_Task prompt_
Span requested from the data below: the line with "Suéter magenta con" through the line with "ももこ様専用 アベリ ピアス 0.12dt rotondaro.com.uy", both included. Give only these lines again, exactly, and leave every picture out.

_Provided information_
- Opening Delimiter -

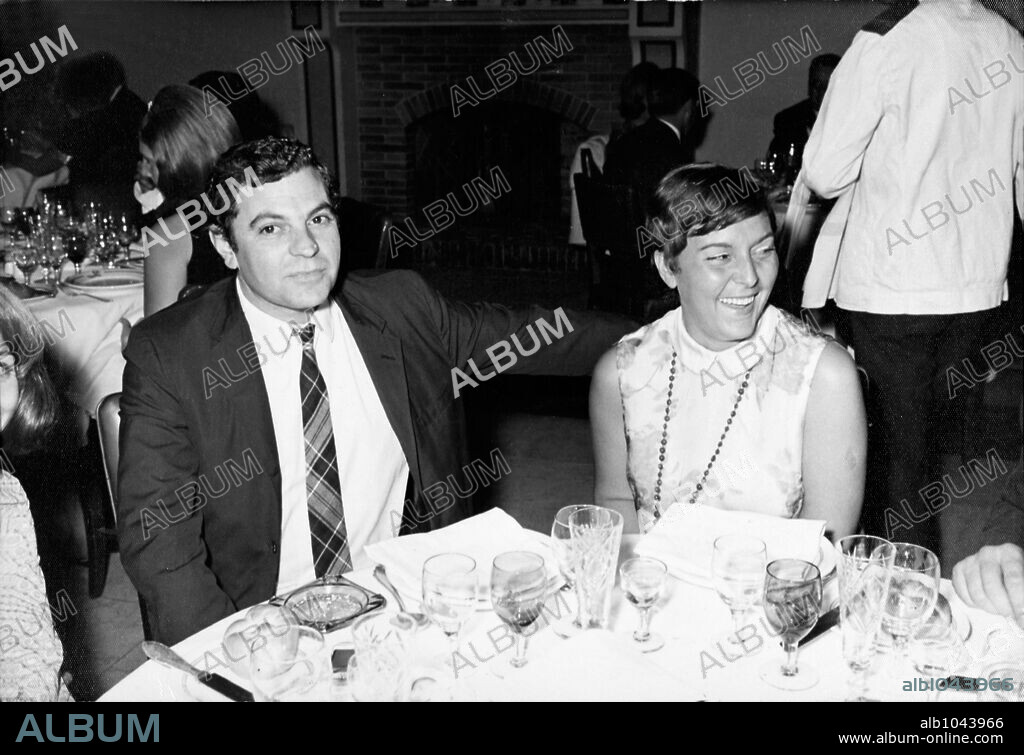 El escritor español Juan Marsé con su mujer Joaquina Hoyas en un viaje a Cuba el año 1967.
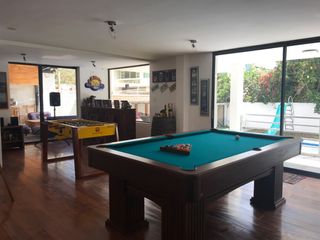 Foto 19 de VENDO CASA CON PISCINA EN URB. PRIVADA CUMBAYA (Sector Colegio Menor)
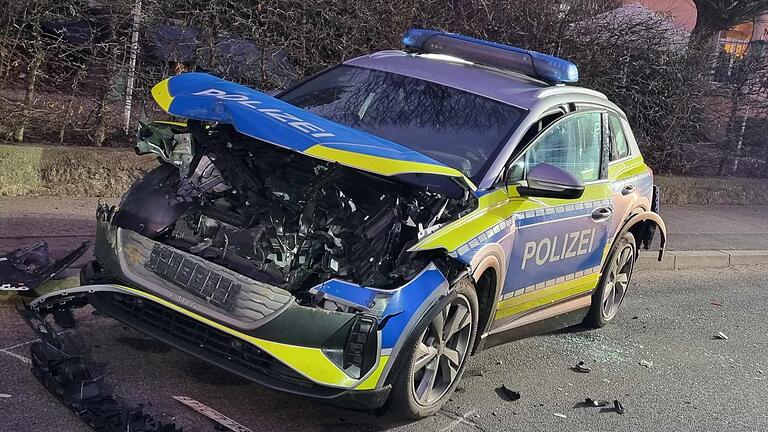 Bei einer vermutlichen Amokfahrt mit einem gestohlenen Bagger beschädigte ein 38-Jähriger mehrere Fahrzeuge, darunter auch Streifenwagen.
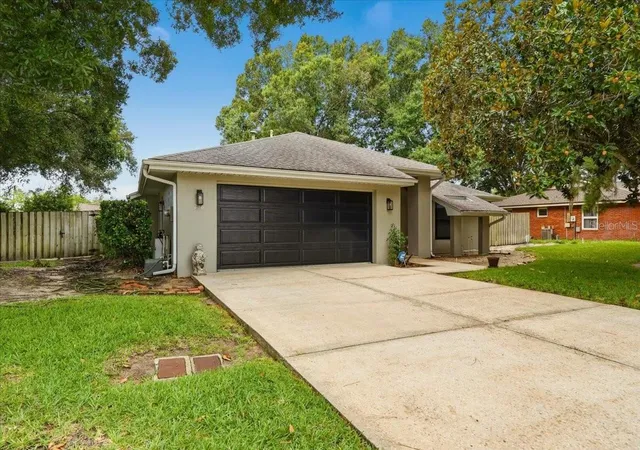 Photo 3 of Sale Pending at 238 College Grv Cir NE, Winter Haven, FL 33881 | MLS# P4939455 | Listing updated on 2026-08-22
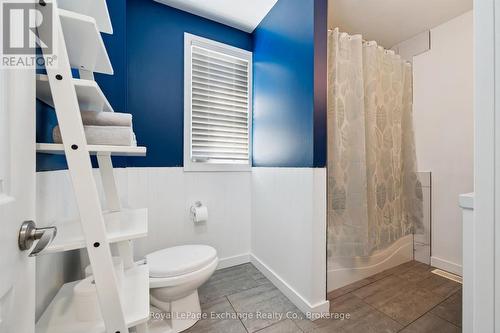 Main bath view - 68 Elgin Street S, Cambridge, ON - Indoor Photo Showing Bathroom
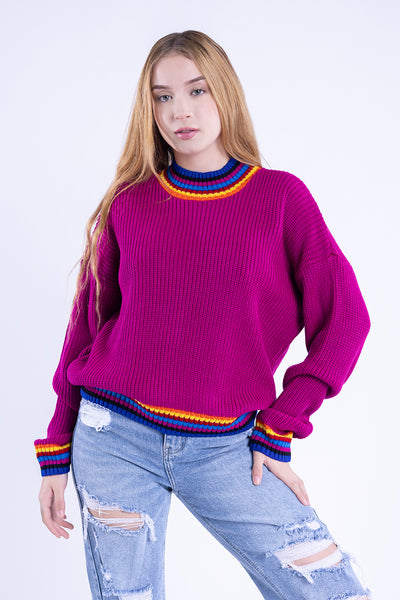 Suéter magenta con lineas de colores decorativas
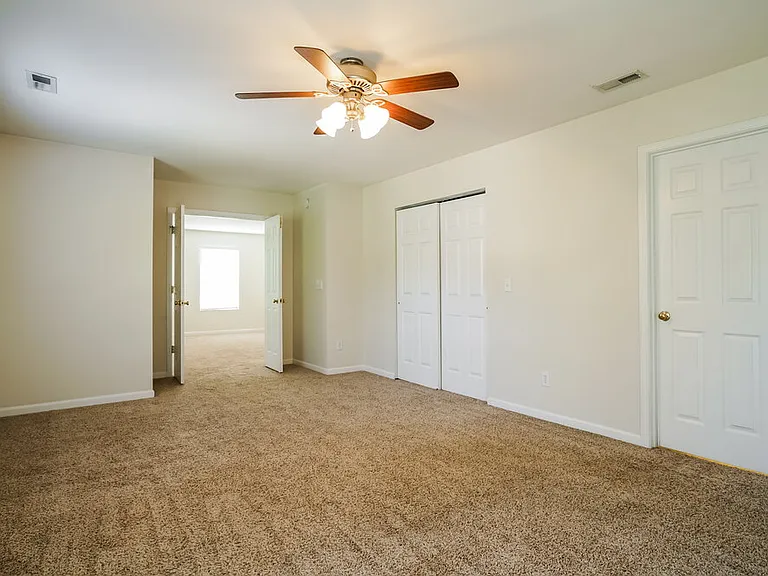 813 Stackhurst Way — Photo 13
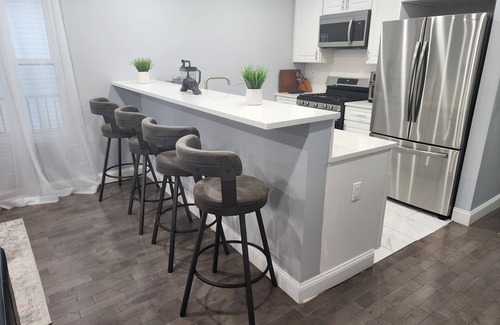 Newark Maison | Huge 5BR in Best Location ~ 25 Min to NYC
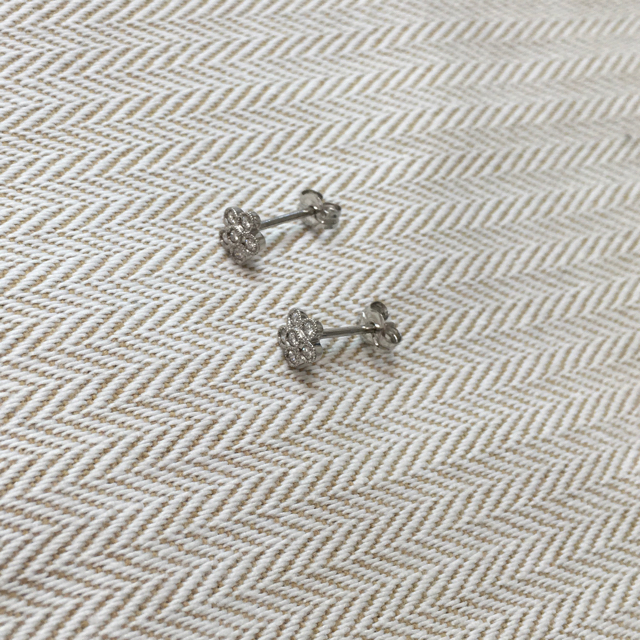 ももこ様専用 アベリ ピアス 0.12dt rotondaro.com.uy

- Closing Delimiter -
- Opening Delimiter -

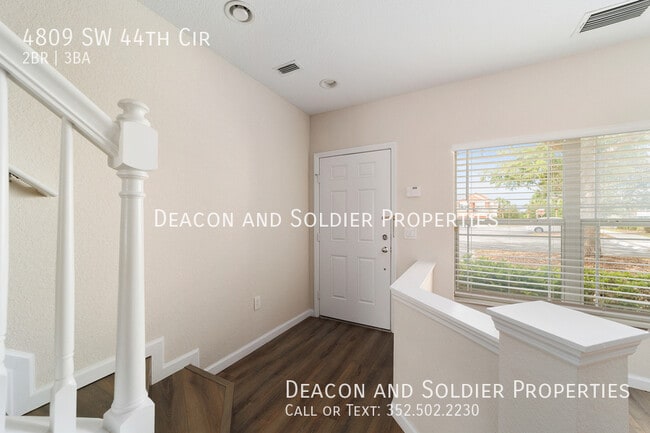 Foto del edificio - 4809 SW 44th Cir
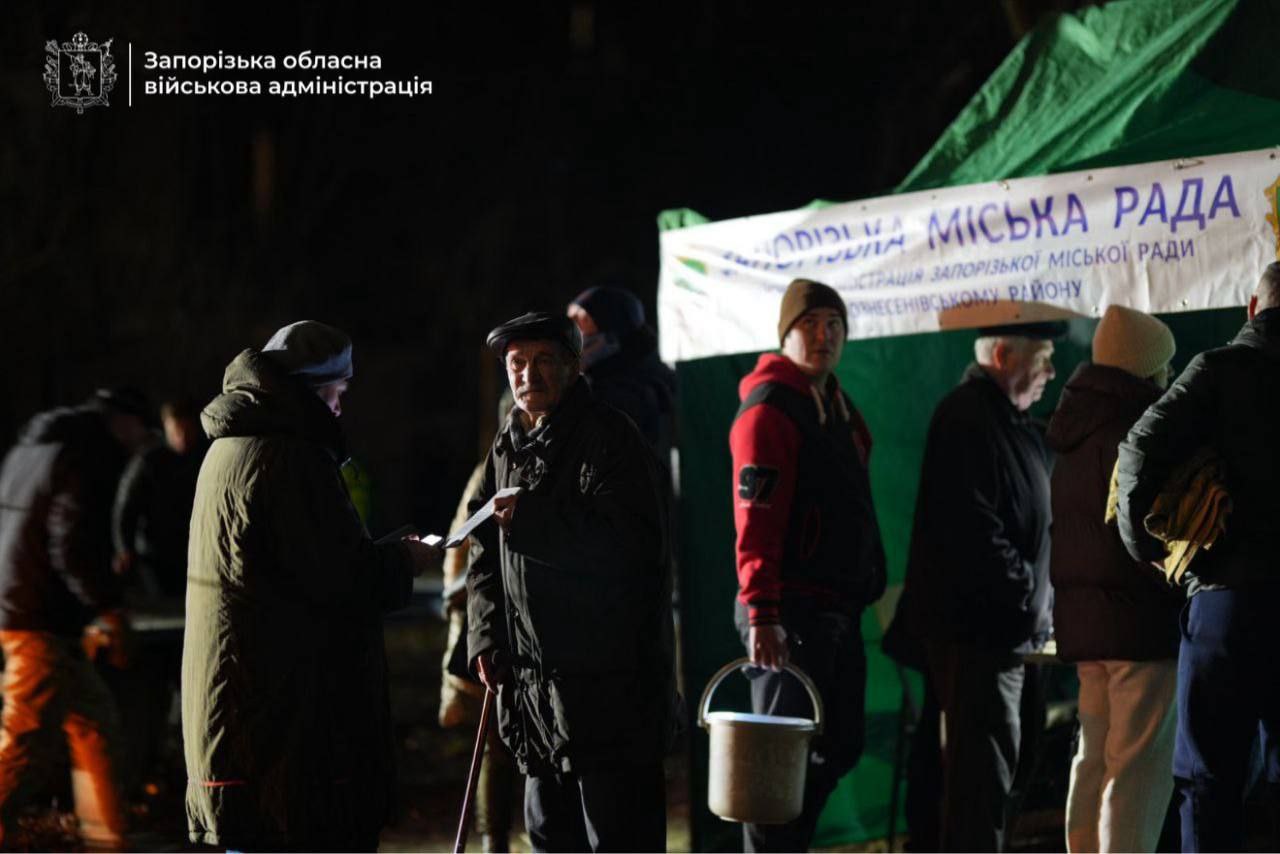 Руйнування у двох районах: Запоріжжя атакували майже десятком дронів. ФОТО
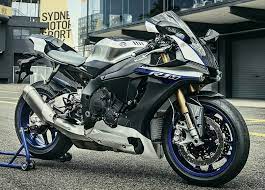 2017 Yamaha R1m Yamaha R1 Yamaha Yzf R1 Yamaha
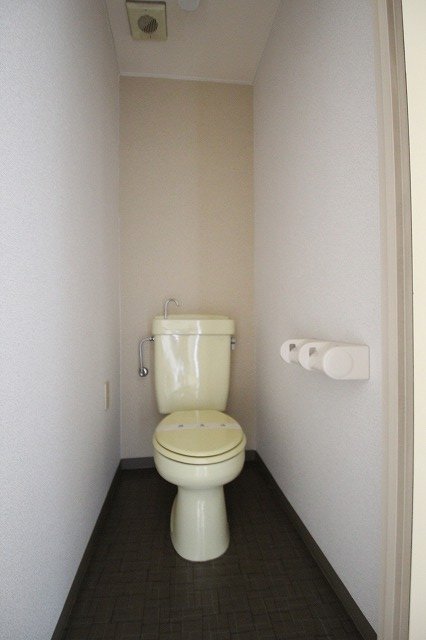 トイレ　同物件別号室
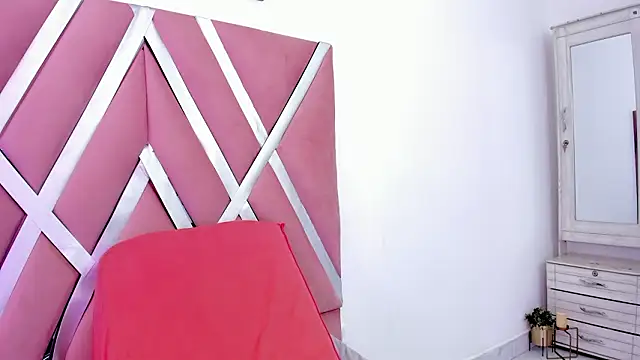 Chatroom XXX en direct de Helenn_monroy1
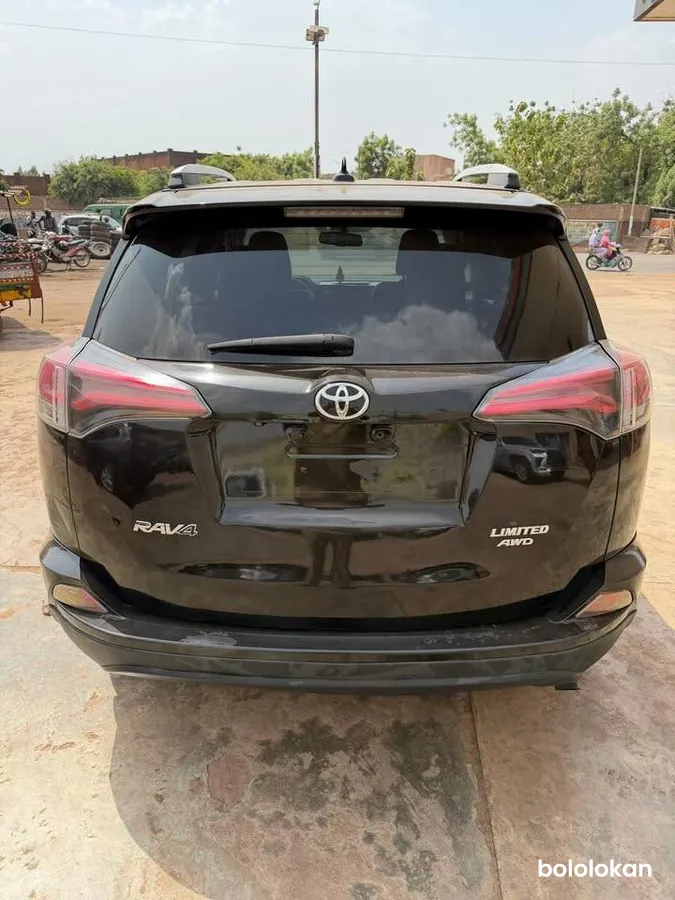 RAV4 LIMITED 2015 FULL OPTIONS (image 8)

- Closing Delimiter -

_Expected answer_
 Suéter magenta con lineas de colores decorativas
 813 Stackhurst Way — Photo 13
 Newark Maison | Huge 5BR in Best Location ~ 25 Min to NYC
 ももこ様専用 アベリ ピアス 0.12dt rotondaro.com.uy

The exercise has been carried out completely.